Cash, Check, Credit Card . . . or Bitcoin?
From now on, those who retain Lexington criminal defense lawyer Dan Carman will be able to pay him using bitcoins if they so choose, Carman announced today.
“Bitcoin is the Internet of money. It—or some digital currency like it—is the future. Clients today do so much online already. Everyone uses mobile phones and they do their banking online, they use PayPal, they use Twitter, and some of them already know about paying with Bitcoin. It just seems like a natural progression for me to begin accepting payment through Bitcoin,” Carman explained.
Bitcoin as a means of direct transfer of payment, peer-to-peer and without involvement of third-party processors like credit card companies, was conceptualized and put into operation in 2008 by a programmer (or a group of them) who was looking for a way to move money faster than can be done through banks or credit card companies, and with much lower fees than are currently charged in those transfers.
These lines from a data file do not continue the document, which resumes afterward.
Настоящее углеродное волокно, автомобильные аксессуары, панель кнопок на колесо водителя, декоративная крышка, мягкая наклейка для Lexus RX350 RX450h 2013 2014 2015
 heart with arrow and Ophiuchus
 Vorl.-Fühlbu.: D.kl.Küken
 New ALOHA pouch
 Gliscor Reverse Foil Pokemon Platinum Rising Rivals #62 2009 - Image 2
Today there are 12,311,025 (and counting) bitcoins in circulation. Since Bitcoin’s inception, over 31,777,264 bitcoin transactions have occurred, according to http://quandl.com/
Bitcoins garnered more attention in the national media during a January hearing on the future of online currencies in New York. Benjamin Lawsky, superintendent of New York’s Department of Financial Services, said in opening remarks at the hearing, and quoted in the January 28, 2014, edition of the Wall Street Journal,
“. . . serious people—in the technological and investment community—are taking virtual currencies seriously. They are putting significant amounts of time, attention, and capital behind them . . ..”
Lexington criminal defense lawyer Carman, in announcing his firm’s plans to accept Bitcoin payment, stated his belief that increasing numbers of his clients will be transacting business with digital currency.
“I don’t really like the term ‘virtual currency.’ If you can receive a good or a service in exchange for it, it’s real,” said Carman.
“Digital currency is the latest innovation in the financial world. It is to modern commerce what the Diner’s Club was in 1950, but with much, much bigger implications. In essence, Bitcoin is the democratization of money. It has proven itself to be a convenient, effective, and secure payment method, and so the question isn’t ‘why would we accept Bitcoin,’ but rather, ‘why wouldn’t we make it more convenient for our clients?’”
About Dan Carman
Dan Carman is a Lexington criminal defense lawyer admitted to practice law in all courts in Kentucky, in the United States District Courts for the Eastern and Western Districts of Kentucky, and in the Sixth Circuit of the United States Court of Appeals.
Dan Carman is also a member of the National Trial Lawyers Top 100 Trial Lawyers. Prior to entering private practice, he served as a law clerk to Chief Judge Jennifer B. Coffman in the U.S. District Court in Lexington and as a judge advocate in the United States Marine Corps. He is a veteran of Operation IRAQI FREEDOM.